__Exercise aim__.
Return only the lines of the data below from the line with "Image showing Sidewalk" up to and including the line with "sorrel-developing-white-hairs-over-back-rear-horse", exactly as written, with the pictures omitted.

__Dataset__.
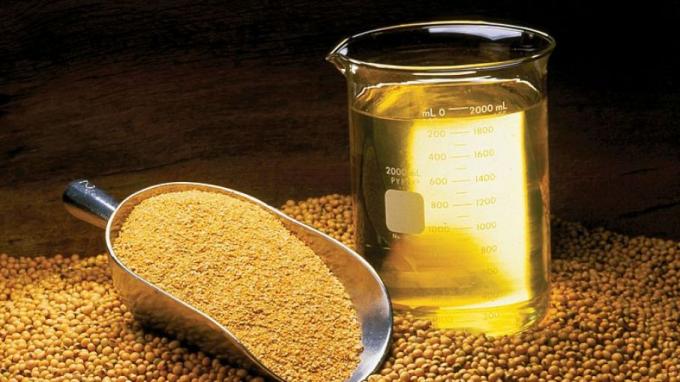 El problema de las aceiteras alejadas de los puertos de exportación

...

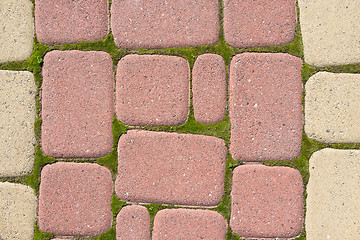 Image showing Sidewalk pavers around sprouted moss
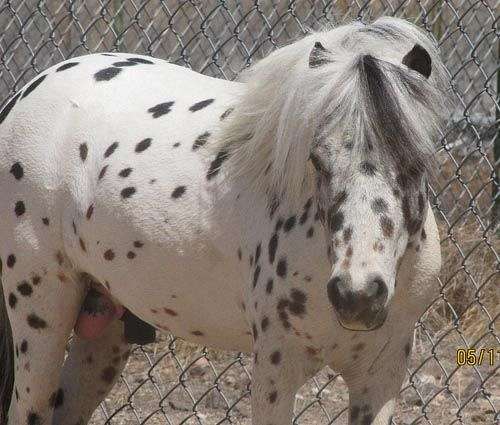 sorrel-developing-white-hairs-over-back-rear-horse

__Finished exercise__.
 Image showing Sidewalk pavers around sprouted moss
 sorrel-developing-white-hairs-over-back-rear-horse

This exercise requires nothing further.